- 571
Zha Sheng 1650-1707
Description
- Zha Sheng
- POEMS IN RUNNING SCRIPT
- ink on paper, handscroll
Literature
Catalogue Note
(1) All other flowers shake loose and fall - but these remain all fresh,
Monopolising the eastern wind inside the little garden.
Their sparse reflections slant across where water is pure and shallow;
Their secret fragrance floats and trembles as moonlight comes with dusk.
Frosty birds wish to descend, but first they steal a glance;
Pollen-seeking butterflies, if they knew, would really break their hearts!
Happily, I have my quiet chanting to draw close to you in pain:
I have no need of sandal-wood clappers or golden goblets of wine.

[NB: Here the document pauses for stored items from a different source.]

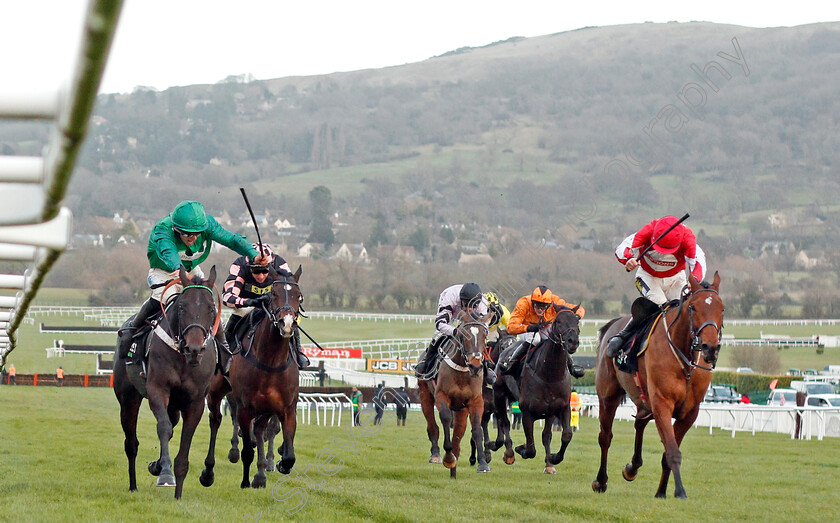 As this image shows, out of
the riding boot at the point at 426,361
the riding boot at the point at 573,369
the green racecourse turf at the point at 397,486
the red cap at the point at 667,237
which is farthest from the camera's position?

(2)The spring wind as if purposely compounds their lovely colours,
To pass time with them, bring wine goblets, also write some poems.

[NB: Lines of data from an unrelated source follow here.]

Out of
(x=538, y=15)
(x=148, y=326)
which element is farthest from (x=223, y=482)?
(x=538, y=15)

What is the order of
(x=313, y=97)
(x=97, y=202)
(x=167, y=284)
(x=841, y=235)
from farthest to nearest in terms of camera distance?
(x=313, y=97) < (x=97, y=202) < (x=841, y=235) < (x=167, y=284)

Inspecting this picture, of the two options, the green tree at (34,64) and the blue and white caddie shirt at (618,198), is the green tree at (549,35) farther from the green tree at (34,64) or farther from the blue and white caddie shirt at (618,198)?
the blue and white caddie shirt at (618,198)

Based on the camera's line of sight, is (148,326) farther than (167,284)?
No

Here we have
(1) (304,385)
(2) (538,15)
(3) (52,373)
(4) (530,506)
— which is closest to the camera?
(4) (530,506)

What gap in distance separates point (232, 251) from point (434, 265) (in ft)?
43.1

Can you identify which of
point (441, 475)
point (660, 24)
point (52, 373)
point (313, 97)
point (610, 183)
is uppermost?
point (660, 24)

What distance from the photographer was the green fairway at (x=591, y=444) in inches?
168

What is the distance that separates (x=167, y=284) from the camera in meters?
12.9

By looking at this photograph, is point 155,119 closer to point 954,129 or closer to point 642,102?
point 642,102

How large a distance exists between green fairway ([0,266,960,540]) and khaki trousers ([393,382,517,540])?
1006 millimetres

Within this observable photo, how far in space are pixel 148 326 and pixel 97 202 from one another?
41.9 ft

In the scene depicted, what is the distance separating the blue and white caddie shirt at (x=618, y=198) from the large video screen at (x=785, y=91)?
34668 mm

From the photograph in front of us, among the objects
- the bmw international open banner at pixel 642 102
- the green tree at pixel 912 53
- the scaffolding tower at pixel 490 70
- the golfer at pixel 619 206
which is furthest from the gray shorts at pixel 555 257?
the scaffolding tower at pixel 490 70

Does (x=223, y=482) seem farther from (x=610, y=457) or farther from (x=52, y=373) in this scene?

Their luscious beauty, announced most loudly by early rains of spring;
Their seductive loveliness is most complete as they prepare to open.
Like Never Sad, applying make-up, too lazy to face the job;
Or Liang Guang's colours, red and green, slowly daubed on by the brush.

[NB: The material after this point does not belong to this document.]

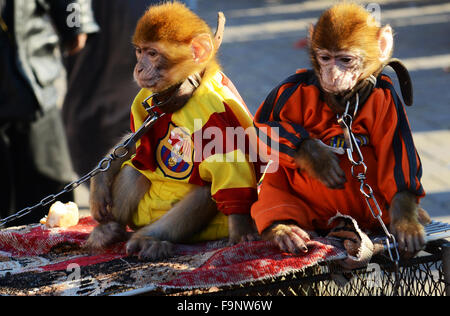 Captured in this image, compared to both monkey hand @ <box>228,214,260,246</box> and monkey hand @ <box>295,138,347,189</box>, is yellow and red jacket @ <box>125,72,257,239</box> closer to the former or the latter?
monkey hand @ <box>228,214,260,246</box>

Drunk each morning, poems each evening, I can't get enough of them!
I envy those butterflies, staying overnight deep among their branches!
(3) On lotus blossoms, by the obscure Tang poet Li Jianxun.
"Slanting with the autumn wind, entirely beyond compare,
Their thousand beauties mixed with dew, a dye quite hard to match!
As if a natural omen, they are born in southern lands;
Who has captured them in painter's colours, and sent them to us northerners?
For how many nights will the brilliant moon share green waves with them?
The peonies have no such way to leave the world's red dust!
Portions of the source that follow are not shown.